Recommender Systems Fairness Evaluation via Generalized Cross Entropy
This work addresses fairness evaluation for recommender systems, offering a novel perspective that could impact developers and researchers, though it appears incremental as it builds on existing fairness concepts with a new evaluation method.
The paper tackles the problem of fairness evaluation in recommender systems by arguing that fairness should consider resource distribution based on merits and needs rather than equality, and it presents a probabilistic framework using generalized cross entropy that shows flexibility and explanatory power on two real-world datasets.

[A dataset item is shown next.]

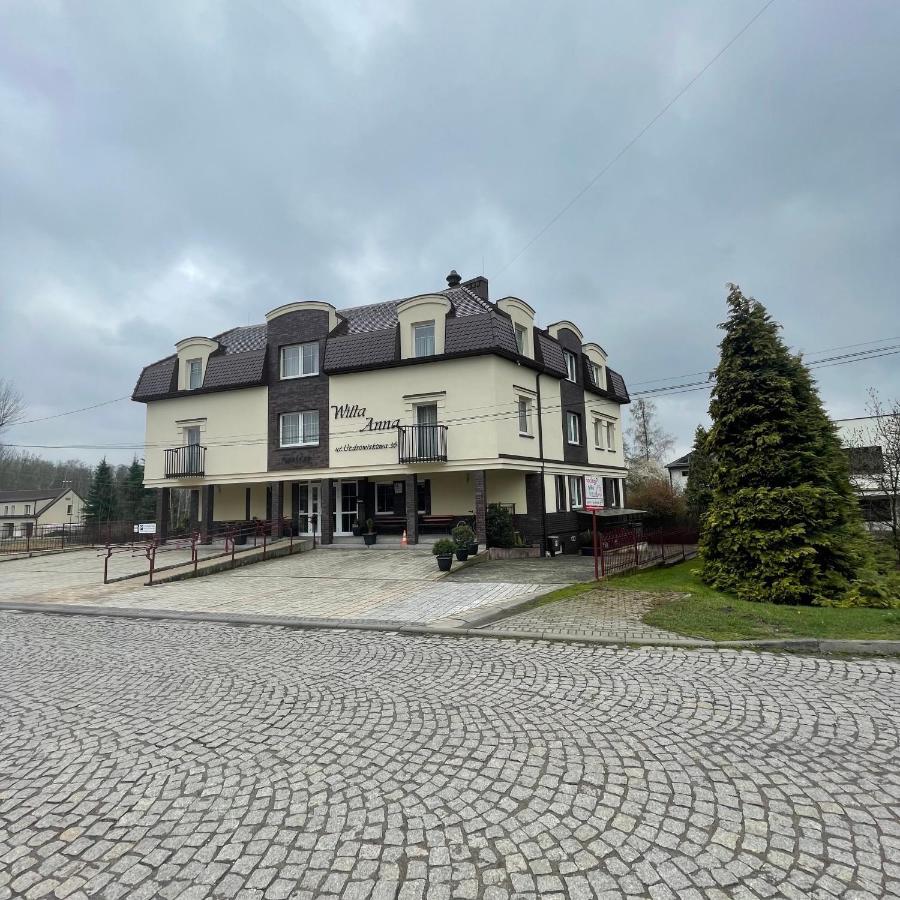 Willa Anna - Pokoje Goscinne Goczałkowice-Zdrój Extérieur photo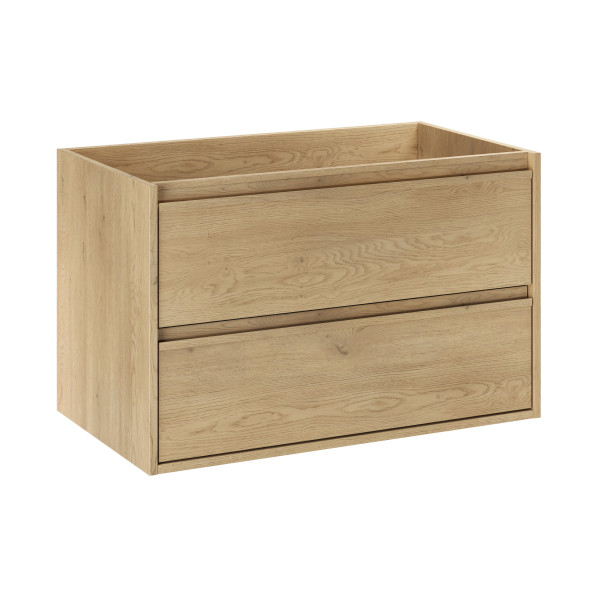Szafka Pod Umywalkę 80Cm 2 Szuflady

Fairness in recommender systems has been considered with respect to sensitive attributes of users (e.g., gender, race) or items (e.g., revenue in a multistakeholder setting). Regardless, the concept has been commonly interpreted as some form of equality -- i.e., the degree to which the system is meeting the information needs of all its users in an equal sense. In this paper, we argue that fairness in recommender systems does not necessarily imply equality, but instead it should consider a distribution of resources based on merits and needs. We present a probabilistic framework based on generalized cross entropy to evaluate fairness of recommender systems under this perspective, where we show that the proposed framework is flexible and explanatory by allowing to incorporate domain knowledge (through an ideal fair distribution) that can help to understand which item or user aspects a recommendation algorithm is over- or under-representing. Results on two real-world datasets show the merits of the proposed evaluation framework both in terms of user and item fairness.